By Gilbert Doctorow, gilbertdoctorow.com (July 31, 2023)
After three weeks of travel around Northwest Russia, keeping an eye on the people and circumstances of daily life around me, my answer to the question in the title is ‘yes and no.’
On the one hand, the consumer society is going strong. Supermarkets are well stocked. Within Europe, Russia had the lowest rate of inflation in the food products sector during the past month: zero percent. When you read about export bans of one commodity or another, such as the ban on rice exports just imposed today by the Kremlin, the reason is found in the external world, not within Russia itself. The Kremlin was reacting to the ban on rice exports recently announced in India, which drove up global prices and would have led to Russian sales abroad of rice needed at home if the markets were left to their own devices.

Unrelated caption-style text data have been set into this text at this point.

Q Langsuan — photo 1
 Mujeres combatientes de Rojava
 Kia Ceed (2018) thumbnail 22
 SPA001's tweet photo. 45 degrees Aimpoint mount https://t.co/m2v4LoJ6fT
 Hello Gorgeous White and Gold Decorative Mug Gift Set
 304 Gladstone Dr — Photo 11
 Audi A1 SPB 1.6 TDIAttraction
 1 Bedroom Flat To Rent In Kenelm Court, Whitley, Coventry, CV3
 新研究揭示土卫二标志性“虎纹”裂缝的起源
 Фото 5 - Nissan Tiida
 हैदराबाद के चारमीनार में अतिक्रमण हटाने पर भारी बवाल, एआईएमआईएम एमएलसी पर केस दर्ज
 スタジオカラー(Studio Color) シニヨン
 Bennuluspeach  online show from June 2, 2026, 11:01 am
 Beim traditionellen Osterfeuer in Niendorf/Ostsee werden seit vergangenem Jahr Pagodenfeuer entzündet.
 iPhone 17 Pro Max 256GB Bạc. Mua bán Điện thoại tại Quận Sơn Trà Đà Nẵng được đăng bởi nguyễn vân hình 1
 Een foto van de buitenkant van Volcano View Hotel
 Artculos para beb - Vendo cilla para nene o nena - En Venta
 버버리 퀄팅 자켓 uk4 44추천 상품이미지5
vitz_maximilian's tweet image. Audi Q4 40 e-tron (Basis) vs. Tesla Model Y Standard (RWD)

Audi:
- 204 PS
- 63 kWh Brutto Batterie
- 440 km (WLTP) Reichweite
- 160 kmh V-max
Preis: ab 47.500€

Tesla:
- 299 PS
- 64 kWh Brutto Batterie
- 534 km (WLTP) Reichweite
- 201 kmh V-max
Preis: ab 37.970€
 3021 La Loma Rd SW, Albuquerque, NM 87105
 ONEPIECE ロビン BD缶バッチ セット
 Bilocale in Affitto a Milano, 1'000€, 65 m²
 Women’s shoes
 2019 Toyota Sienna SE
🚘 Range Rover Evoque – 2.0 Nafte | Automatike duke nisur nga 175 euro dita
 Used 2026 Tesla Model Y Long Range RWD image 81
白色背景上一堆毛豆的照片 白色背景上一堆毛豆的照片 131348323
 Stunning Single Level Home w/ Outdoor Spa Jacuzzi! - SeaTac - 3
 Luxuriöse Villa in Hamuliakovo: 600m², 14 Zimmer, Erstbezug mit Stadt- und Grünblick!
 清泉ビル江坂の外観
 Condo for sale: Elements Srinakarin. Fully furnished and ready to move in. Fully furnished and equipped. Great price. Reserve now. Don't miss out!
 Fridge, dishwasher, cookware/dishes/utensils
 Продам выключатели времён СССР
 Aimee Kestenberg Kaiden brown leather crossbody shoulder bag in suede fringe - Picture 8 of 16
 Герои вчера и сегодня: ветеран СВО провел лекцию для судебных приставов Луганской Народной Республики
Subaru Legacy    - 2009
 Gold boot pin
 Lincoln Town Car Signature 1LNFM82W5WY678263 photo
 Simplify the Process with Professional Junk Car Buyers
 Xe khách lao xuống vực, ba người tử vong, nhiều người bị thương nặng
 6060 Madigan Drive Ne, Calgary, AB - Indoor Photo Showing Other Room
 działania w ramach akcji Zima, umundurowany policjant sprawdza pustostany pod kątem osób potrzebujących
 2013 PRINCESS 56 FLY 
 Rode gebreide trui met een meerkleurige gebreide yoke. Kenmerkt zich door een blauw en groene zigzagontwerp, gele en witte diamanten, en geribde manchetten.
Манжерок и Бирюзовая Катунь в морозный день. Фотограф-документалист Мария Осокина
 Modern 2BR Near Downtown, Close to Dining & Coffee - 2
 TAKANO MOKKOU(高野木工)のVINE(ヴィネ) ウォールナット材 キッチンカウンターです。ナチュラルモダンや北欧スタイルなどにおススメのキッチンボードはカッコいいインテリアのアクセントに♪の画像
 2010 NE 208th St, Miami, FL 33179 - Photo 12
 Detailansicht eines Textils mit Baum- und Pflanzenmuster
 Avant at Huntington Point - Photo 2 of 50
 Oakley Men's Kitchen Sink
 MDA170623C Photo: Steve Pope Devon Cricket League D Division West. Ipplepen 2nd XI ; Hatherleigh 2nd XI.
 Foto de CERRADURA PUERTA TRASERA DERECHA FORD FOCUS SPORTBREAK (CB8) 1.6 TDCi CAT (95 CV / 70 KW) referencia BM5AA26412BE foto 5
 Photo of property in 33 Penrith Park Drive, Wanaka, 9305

Meanwhile we are told that the grain harvest in Russia this season may well show a record surplus, notwithstanding all the climatic abnormalities globally and within the Russian Federation. Russia represents 20% of world grain supplies, Ukraine, just 5%. In this light, Russia can easily meet world needs even if Ukraine does not export one bushel of wheat.
In one very important consumer market sector, automobiles, the reorganization of supply away from Europe and towards China has been almost seamless. The high-end cars from the PRC are more in evidence in St Pete by the week. On the main roads leading into the city, I see new Chinese brand dealerships opening here and there. I have ‘test driven’ these cars in taxi fleets and they are really impressive, not just to me as a passenger but from the remarks of drivers.
To be sure, the ruble is weak and various consumer electronics companies have announced price rises to come on devices imported from the West. This weakness has causes relating to the shift in the hydrocarbons trade from Western Europe to Asia, where contract settlements are not denominated in dollars. Hence there are fewer dollars and euros put up for auction on the Russian domestic bourse and the price of these currencies has followed the bidding.
Otherwise, despite the weak ruble I am each day surprised at how imported sea bass from Turkey or imported French premium quality Burgundy wine is on sale in the Petersburg supermarkets at prices less than half what we pay in Belgium for similar goods.
On the other side of the issue, one would have to be blind not to understand that the country is at war, considering the now omnipresent recruitment advertisements urging men to sign up as ‘contract’ soldiers for the war. I say ‘men,’ because the advertising billboards, posters and television ads are all addressed to males. They tell the reader that “combat is a man’s job.”
The appeal is openly and unapologetically sexist. But it also only accentuates the positive: ‘join your peers,’ etc. Judging by the models in these ads, men signing up would appear to be in their mid to upper 20s, with a second tranche in their 40s and 50s.There is no hint whatsoever that those who do not sign up are shirkers, cowards or pansies.
You see a lot more recruitment advertisements in St Petersburg and environs than you see actual soldiers in uniform. In my outlying borough of Pushkin, we have several military academies and so in the morning you can catch sight of a platoon doing their morning run. But that is nothing new.
The other day when riding a commuter train we were seated just across from a young soldier in his early 20s. Whereas the sartorial image of these guys used to be sad sack maybe a decade ago, I can say that this fellow’s uniform was very smart looking. And he had a self-assured demeanor.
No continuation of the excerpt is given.